When it was first announced that this wiki had lost the rights to the 'All the Tropes' name because of a 'divorce' between it and the Miraheze branch, I thought it was so unnecessary and that people could have worked things out. But the more I thought about it, the more I felt the name change is a good thing, for several reasons.

The first reason: it allows this Wiki and the Miraheze All The Tropes to have their own identities.[]

Let's face it: Having two troping wikis on different servers with the same name was confusing.

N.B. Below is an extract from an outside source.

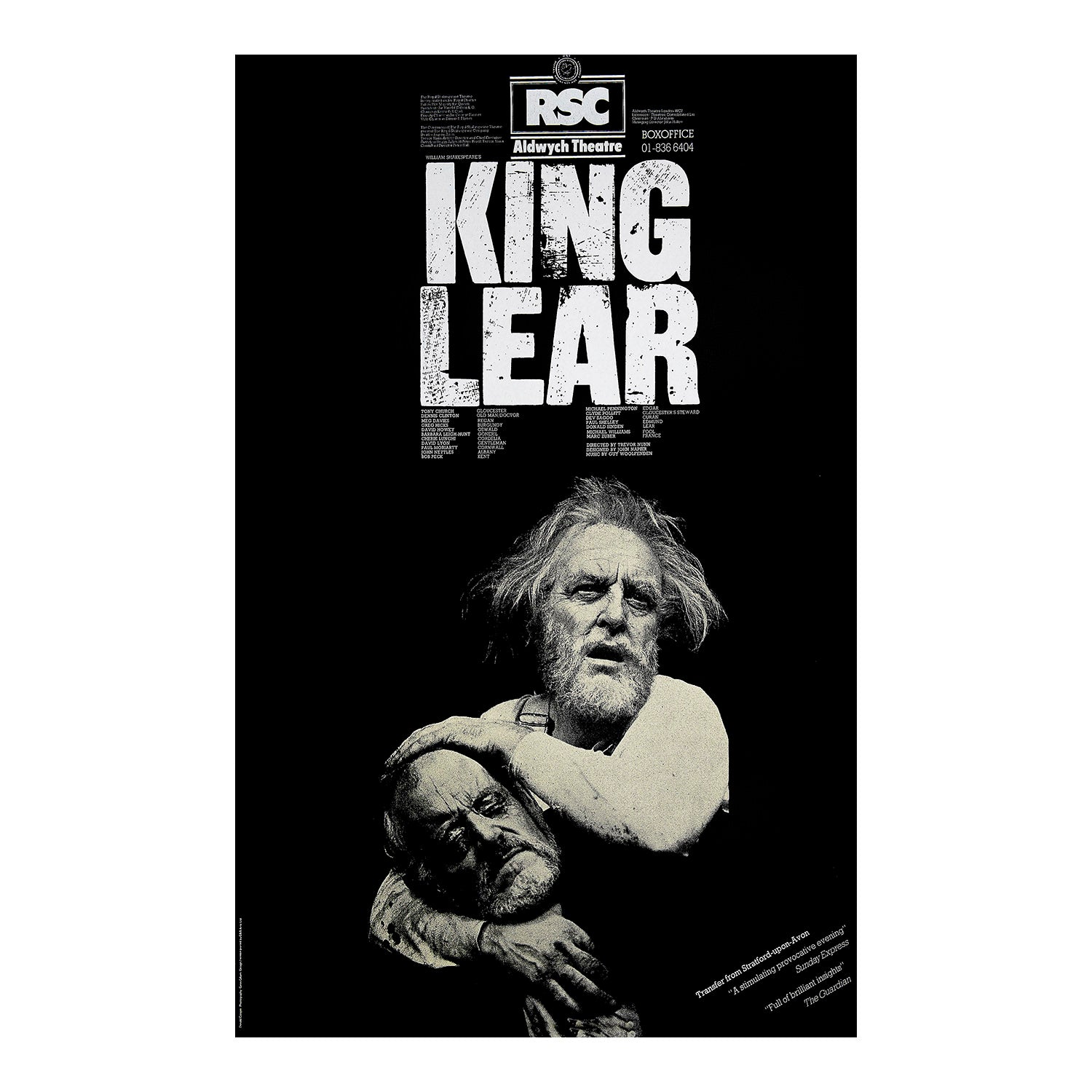 An original poster for the 1977 Royal Shakespeare Company (RSC) production of King Lear, Aldwych Theatre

One could say, for example, "on ATT I made an edit to the Bolivian Army Cliffhanger page to describe the use of the trope in the Season 9 finale of Chicago Fire", but then someone would have to say 'Which ATT? The FANDOM branch or the Miraheze branch?'.

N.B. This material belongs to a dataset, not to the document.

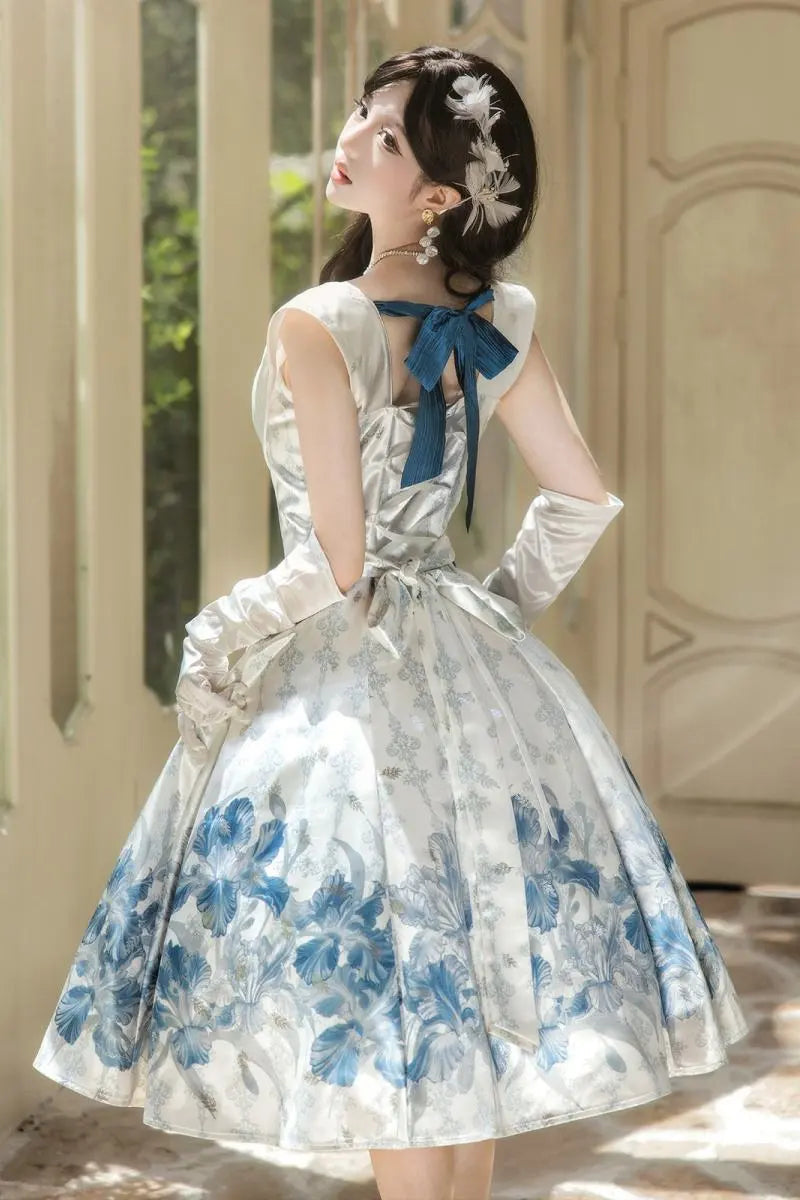 Irises Holiday - Blue Floral Satin-Effect Formal Dress - image 6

The two branches have different editors, and someone might make an edit on one branch that might not be mirrored in the other, leading to all sorts of confusion. Also, the way pages are set up might be different. When I visited the Miraheze version of the Adapted Out page, I found that the way it was set up and organized was very different from its counterpart on this wiki.

With this Wiki having a different name from the Miraheze wiki, both are allowed to go their own troping paths and have their own identities while still being allowed to use many of the same material because of being under the same Creative Commons license (The CC-BY-SA, according to the note at the bottom of the screen I see when I'm typing this). So on that level, the name change works and can be beneficial to both wikis.

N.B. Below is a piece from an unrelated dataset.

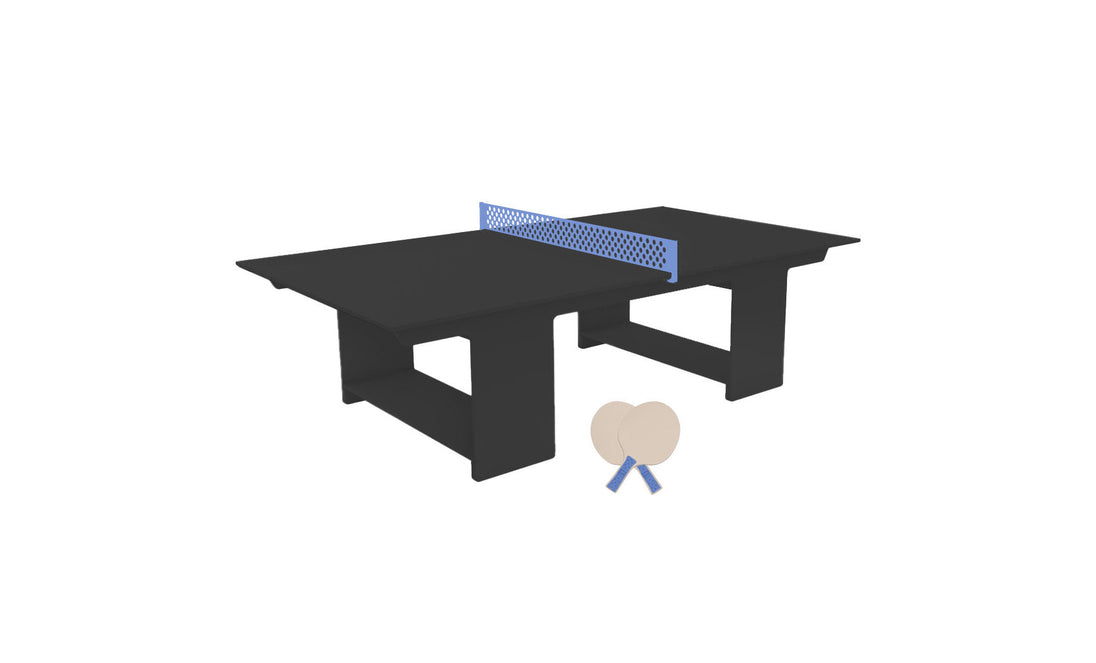 The Ledge Lounger Table Tennis Set includes a blue net and two beige paddles against a black table, set on a plain white background, ideal for outdoor entertainment and appealing to ping pong enthusiasts.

The second reason: The previous troping wiki names were not entirely accurate or fitting.[]

All The Tropes started as a fork of TV Tropes. Its name was chosen because ATT could use the tropes that TV Tropes could no longer use due to the objections of its advertisers, which is an issue ATT did not have to deal with. However, the name 'All The Tropes' could never be entirely accurate. New tropes or new variations of existing tropes are being discovered and named all the time, so it'd be inaccurate to claim that a troping wiki actually has all the tropes. Because sooner or later it won't.

TV Tropes, meanwhile, suffers from its Artifact Title. As pointed out by many (including TVT editors as far back as 2008), TV Tropes doesn't just cover tropes that appear in TV shows, but tropes that appear in all mediums, be they new media (such as Web Original or Webcomic) or material that predates television (such as radio, movies, theatre, and works that are Older Than Feudalism). Their title hasn't been accurate in well over a decade, but they keep it for recognition purposes. It's a name with an established history, much like IMDB (which stands for Internet Movie Database but since its creation has expanded to encompass more than just movies).

So of course when the time came to decide on a new name for this wiki, many of us (myself included) deliberately chose names that were less limiting and along 'expansion' lines (as @RRabbit42 put it). Tropedia and variations on it were among the many people came up with.

So I think it's for the best that this wiki has a new name that's less limiting than either of the previous names. It allows us to continue discussing tropes in our favorite works of fiction without worrying about whether or not the title of the place we discuss those tropes accurately reflects the content. And I think Tropedia succeeds as a title that is an accurate description of the wiki.

Conclusion[]

All in all, I think the wiki's name change is for the best, for the reasons stated above. It's a good idea regardless of the other considerations that necessitated it.

Anyway, that's my personal opinion on the matter.